### Records for this exercise
• • • •

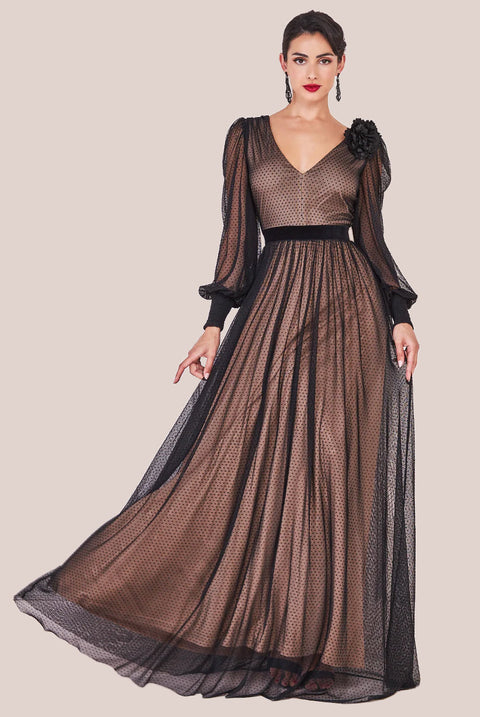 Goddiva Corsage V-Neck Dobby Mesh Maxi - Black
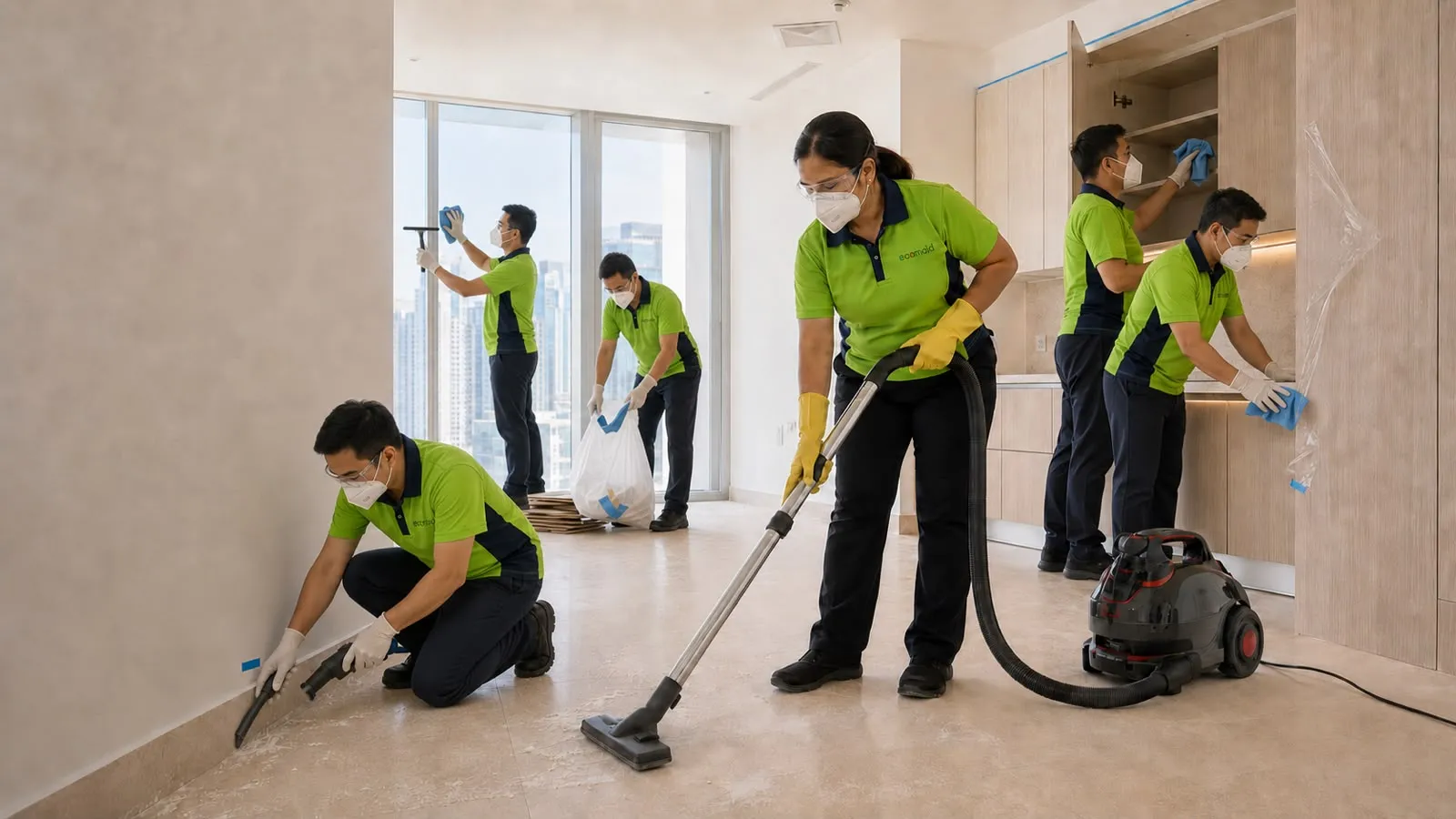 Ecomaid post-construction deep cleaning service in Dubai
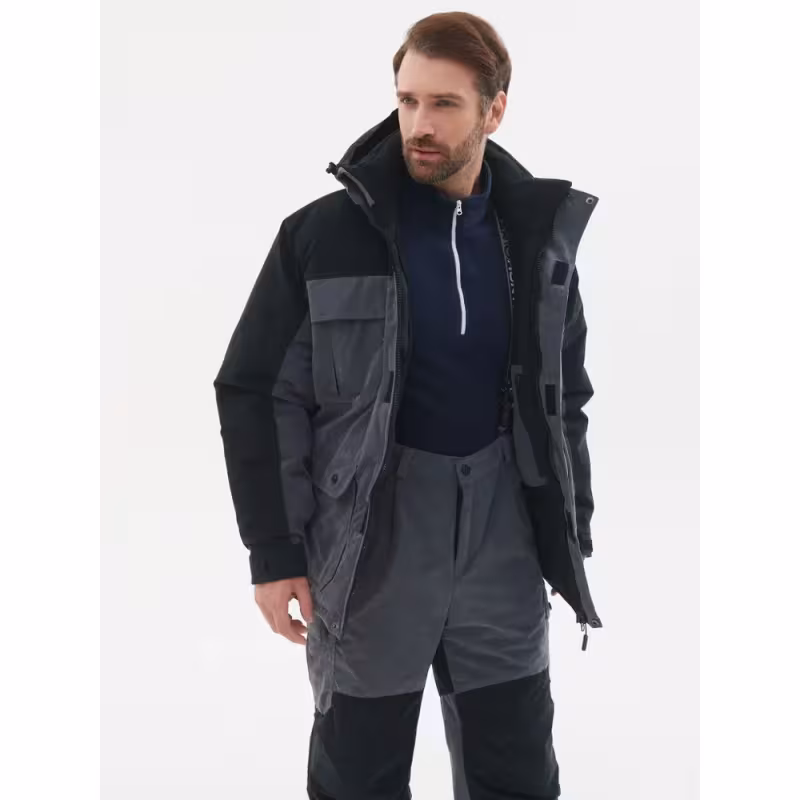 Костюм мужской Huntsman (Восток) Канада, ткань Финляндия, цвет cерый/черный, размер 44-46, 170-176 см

• • • •

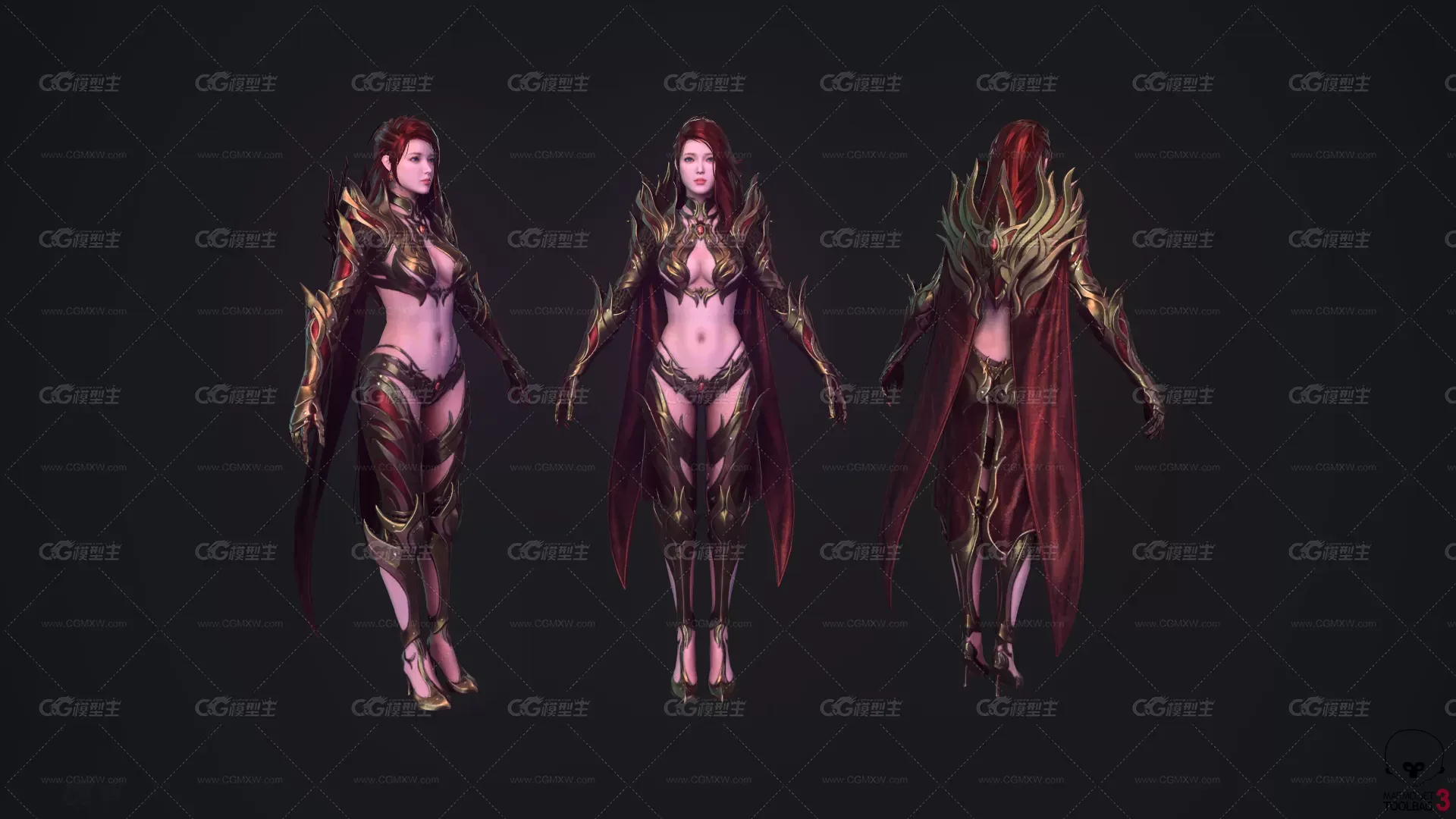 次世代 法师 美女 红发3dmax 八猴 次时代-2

• • • •

Copy the entries above exactly, but only the stretch from the line containing "Goddiva Corsage V-Neck" through the line containing "Костюм мужской Huntsman". Keep both end lines; drop the pictures.

### Exercise solution
 Goddiva Corsage V-Neck Dobby Mesh Maxi - Black
 Ecomaid post-construction deep cleaning service in Dubai
 Костюм мужской Huntsman (Восток) Канада, ткань Финляндия, цвет cерый/черный, размер 44-46, 170-176 см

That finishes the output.